America’s original penny candy, the Tootsie Roll, celebrated its 110th birthday in 2006. Despite its long history, the famous Tootsie Roll (named for company founder Leo Hirschfield’s five-year-old daughter) still looks today very much like it did when it first appeared in candy stores, and the cost is still just a penny a piece. At that price, Chicago-based Tootsie Roll Industries (TRI) must surely sell a lot of candy to generate annual sales of over $487 million—and they do. TRI, also the world’s largest lollipop producer, makes more than 60 million Tootsie Rolls and 20 million Tootsie Pops per day.
TRI management encourages an open organization where employees confront and resolve conflicts, and a culture where business thrives on skilled negotiating with business partners, competitors, and even the government.
In the 1990s, TRI president Ellen Gordon negotiated with city officials in Chicago to secure an urban enterprise zone around the company’s headquarters on the city’s South Side. The agreement offers area businesses tax incentives. Chicago also offered TRI a low-interest loan to buy the plant it was leasing and $200,000 in job-training funds.
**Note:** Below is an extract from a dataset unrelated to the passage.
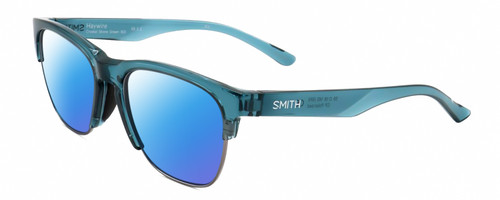 Profile View of Smith Optics Haywire-1ED Designer Polarized Sunglasses with Custom Cut Blue Mirror Lenses in Crystal Stone Green Blue Silver Unisex Panthos Semi-Rimless Acetate 55 mm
Since TRI employs union workers, its hundreds of middle-income jobs were valuable to Chicago’s economy. For its part, Tootsie Roll Industries agreed to open a loan fund for employees who wanted to buy homes in Chicago and to add about two hundred more jobs by the end of the decade.
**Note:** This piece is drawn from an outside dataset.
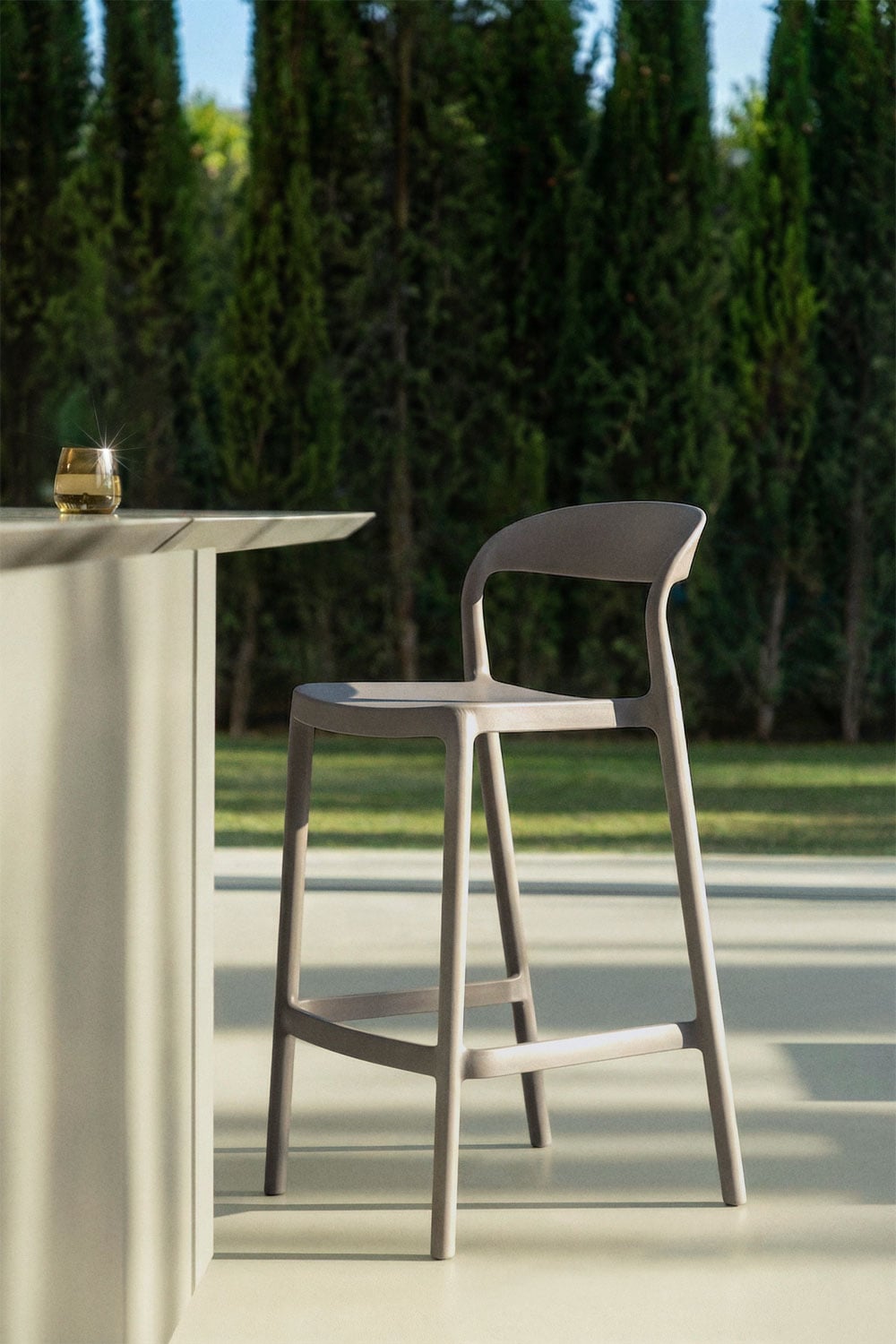Lauko baro kėdė TERRA, balto akmens, 65 cm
Communication Top-Down and Across the Organization
Even with operations in Massachusetts, Tennessee, Wisconsin, Mexico, and Canada, Tootsie Roll Industries employs fewer than two thousand workers. The basic corporate structure is traditional. Departmental staff report to department directors who report to TRI vice presidents. Corporate VPs report to president and COO Ellen Gordon and to chairman and CEO Melvin Gordon.